WTA Tiencin: Agnieszka Radwańska pokonała Jelizawietę Kuliczkową. Polka dwa kroki od Singapuru

PAP
PAP

Agnieszka Radwańska wybroniła się ze stanu 3:5 w pierwszym secie i pokonała Jelizawietę Kuliczkową w dwóch partiach. Polka nie tylko awansowała do półfinału zmagań w Tiencinie, ale również zdobyła cenne punkty do rankingu WTA Race.

Agnieszka Radwańska w tempie niemal ekspresowym wygrała z dwiema pierwszymi rywalkami. Krakowianka najpierw pokonała Olgę Sawczuk w 54 minuty, tracąc zaledwie gema, a nieco później spędziła na korcie trzy minuty dłużej, zwyciężając z Qiang Wang 6:1, 6:1. W piątek polska tenisistka stanęła do walki nie tylko o półfinał zmagań w Tiencinie, ale również o cenne punkty do rankingu WTA Race.
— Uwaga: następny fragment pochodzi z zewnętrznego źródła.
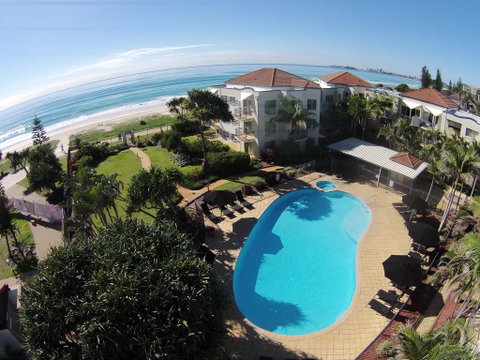 Golden Riviera Absolute Beachfront Resort - Accommodation Gold Coast 0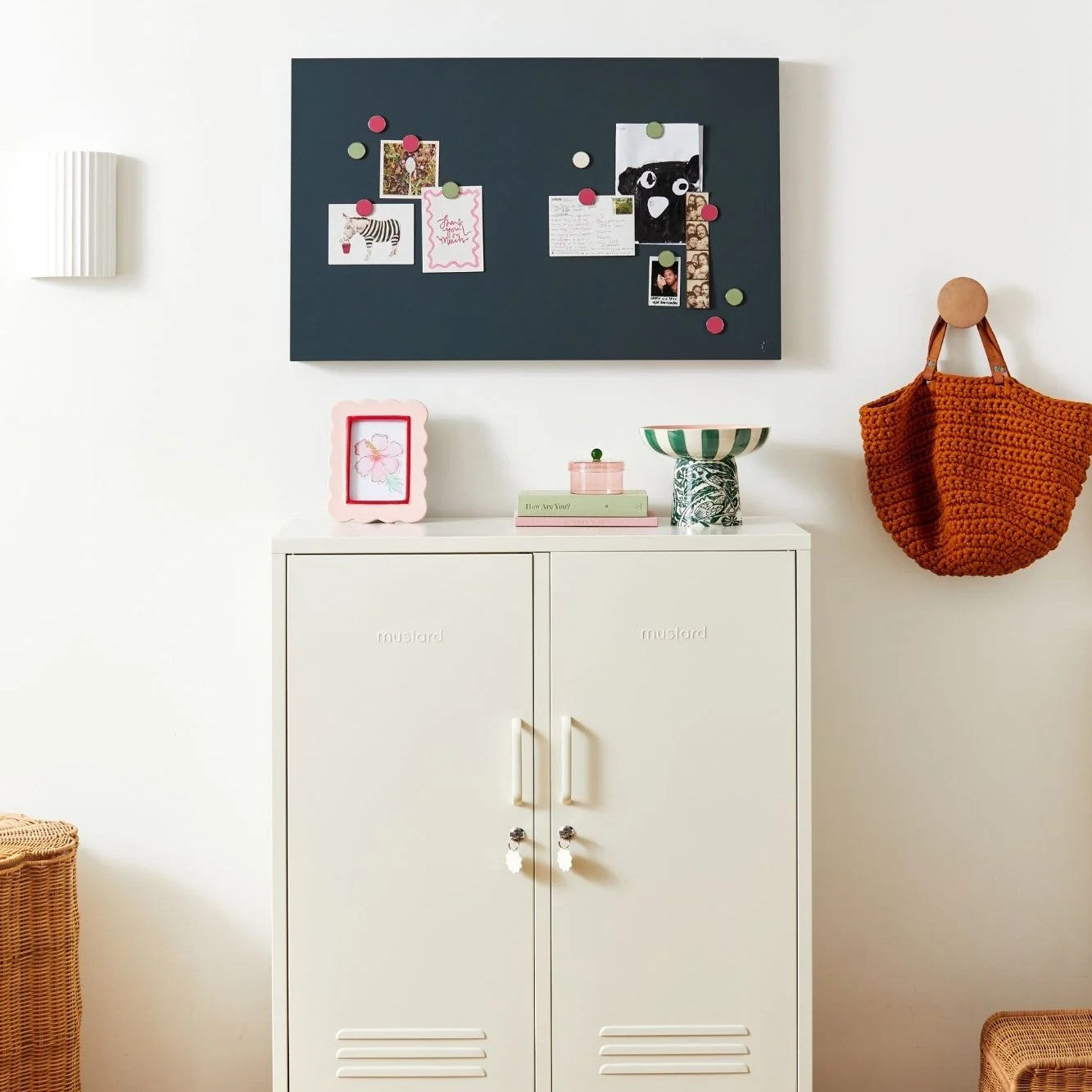 Magnetwand The Storyboard in slate von Mustard Made bei Frau Rabe im Concept Store Die Halle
Tytuł w azjatyckim mieście dałby jej bilet do udziału w Mistrzostwach WTA.

[b]

[/b]Na drodze Radwańskiej stanęła Jelizawieta Kuliczkowa, 103. tenisistka świata. Rosjanka w obecnym sezonie awansowała do trzech ćwierćfinałów WTA - Kuala Lumpur, Katowice oraz Seul. Z krakowianką nigdy wcześniej nie miała okazji rywalizować na światowych kortach.

Kuliczkowa już na początku spotkania zaznaczyła Radwańskiej, że czeka ją trudne zadanie. Rosjanka posyłała na drugą stronę bardzo mocne i głębokie zagrania, na które Polka momentami nie znajdowała odpowiedzi, dzięki czemu dwukrotnie obejmowała prowadzenie z przełamaniem. Młoda tenisistka traciła jednak przewagi, bowiem nie potrafiła zachować równowagi między pomyłkami i winnerami, a do tego krakowianka świetnie pracowała w defensywie, zmuszając ją do przebicia o jedną piłkę więcej.

W prawdziwych tarapatach druga rozstawiona znalazła się chwilę później, bowiem Kuliczkowa odskoczyła na 5:3. Sytuacja na korcie szybko jednak odwróciła się diametralnie, ponieważ Rosjanka zaczęła się spieszyć, decydowała się na nonszalanckie rozwiązania i w konsekwencji popełniała błędy. 19-latka po chwili przegrywała 5:6 i 0:30 i z ledwością doprowadziła do tie breaka. W dodatkowej rozgrywce wyszło doświadczenie Radwańskiej, która triumfowała 7-3.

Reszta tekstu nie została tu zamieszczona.